### YOUR OBJECTIVE
Pictures in the listing do not belong in the copy, which should repeat exactly the lines from the one holding "this 400×320 image." through the last line.

### DATASET
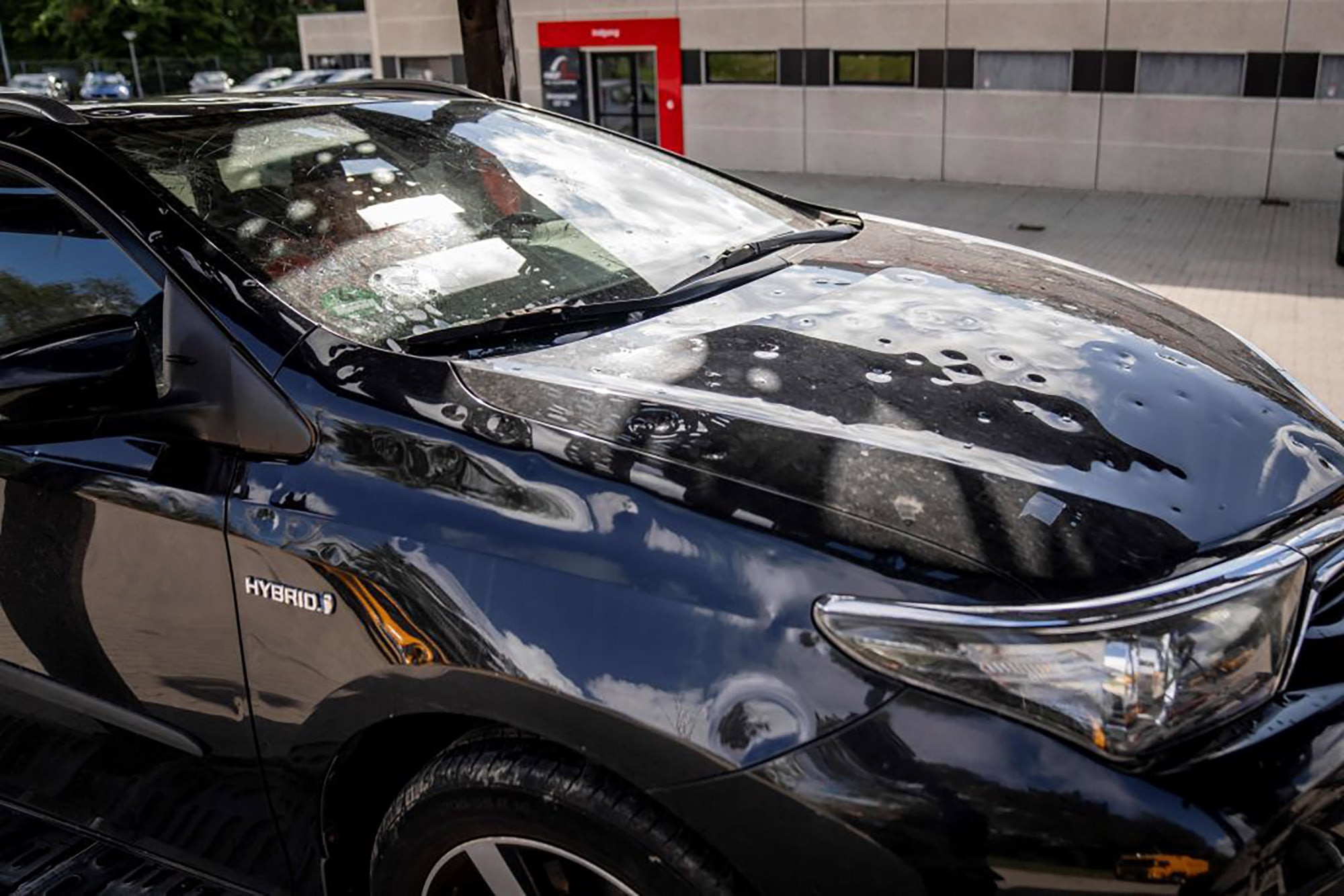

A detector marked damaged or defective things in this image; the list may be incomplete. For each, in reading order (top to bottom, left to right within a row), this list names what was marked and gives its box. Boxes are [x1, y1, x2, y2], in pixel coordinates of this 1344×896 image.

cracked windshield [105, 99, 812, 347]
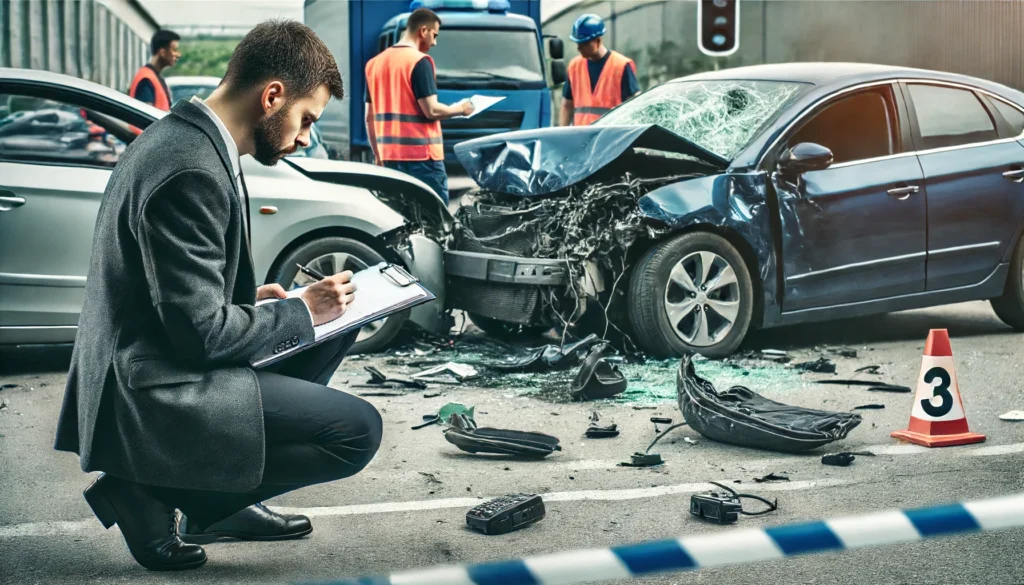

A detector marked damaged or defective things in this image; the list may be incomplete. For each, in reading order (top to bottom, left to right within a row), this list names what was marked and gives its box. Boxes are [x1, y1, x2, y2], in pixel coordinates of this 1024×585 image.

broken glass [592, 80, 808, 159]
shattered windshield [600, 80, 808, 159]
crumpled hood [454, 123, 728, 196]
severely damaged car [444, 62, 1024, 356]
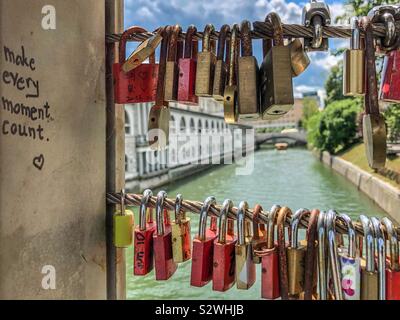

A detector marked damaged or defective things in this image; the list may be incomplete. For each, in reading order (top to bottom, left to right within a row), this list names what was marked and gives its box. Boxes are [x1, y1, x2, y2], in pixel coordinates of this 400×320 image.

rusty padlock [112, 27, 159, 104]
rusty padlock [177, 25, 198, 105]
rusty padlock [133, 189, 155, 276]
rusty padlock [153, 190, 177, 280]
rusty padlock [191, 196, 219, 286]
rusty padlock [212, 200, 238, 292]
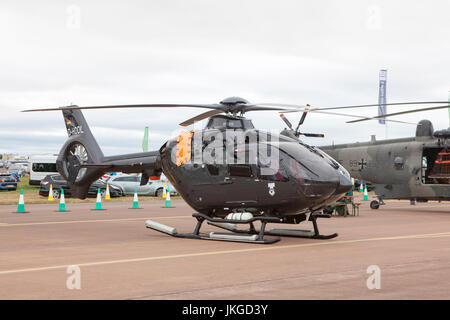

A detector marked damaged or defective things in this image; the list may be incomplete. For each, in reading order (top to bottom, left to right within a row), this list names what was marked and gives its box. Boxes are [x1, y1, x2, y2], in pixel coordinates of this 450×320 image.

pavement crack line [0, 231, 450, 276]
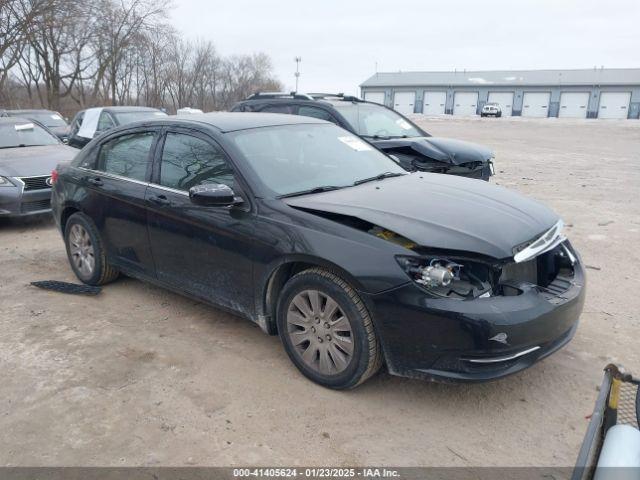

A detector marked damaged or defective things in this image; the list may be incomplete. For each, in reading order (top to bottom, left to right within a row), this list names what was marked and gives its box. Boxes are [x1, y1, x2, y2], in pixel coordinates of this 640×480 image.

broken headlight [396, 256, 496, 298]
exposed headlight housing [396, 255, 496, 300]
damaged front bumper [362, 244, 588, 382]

### ANSWER TO THIS PROBLEM
A detector marked damaged or defective things in this image; the list may be incomplete. For each, in reading order (top to bottom, left to right within a row), this list names what was marked and gives its box. Boxes are [x1, y1, x2, y2], in pixel coordinates of this 400×320 image.

rusty padlock [112, 27, 159, 104]
rusty padlock [177, 25, 198, 105]
rusty padlock [133, 189, 155, 276]
rusty padlock [153, 190, 177, 280]
rusty padlock [191, 196, 219, 286]
rusty padlock [212, 200, 238, 292]

A detector marked damaged or defective things in this image; the list may be incomplete. For each, in reading order (top to bottom, left to right within a row), this list names what was marked and gives its box. Boxes are [x1, y1, x2, y2], in pixel coordinates of this 450×320 image.

pavement crack line [0, 231, 450, 276]

A detector marked damaged or defective things in this image; the list may be incomplete. For each, in reading order (top to bottom, left to right within a row), this list names what was marked and gives its box. Boxes are [x1, y1, x2, y2], in pixel coordinates of this 640×480 image.

broken headlight [396, 256, 496, 298]
exposed headlight housing [396, 255, 496, 300]
damaged front bumper [362, 244, 588, 382]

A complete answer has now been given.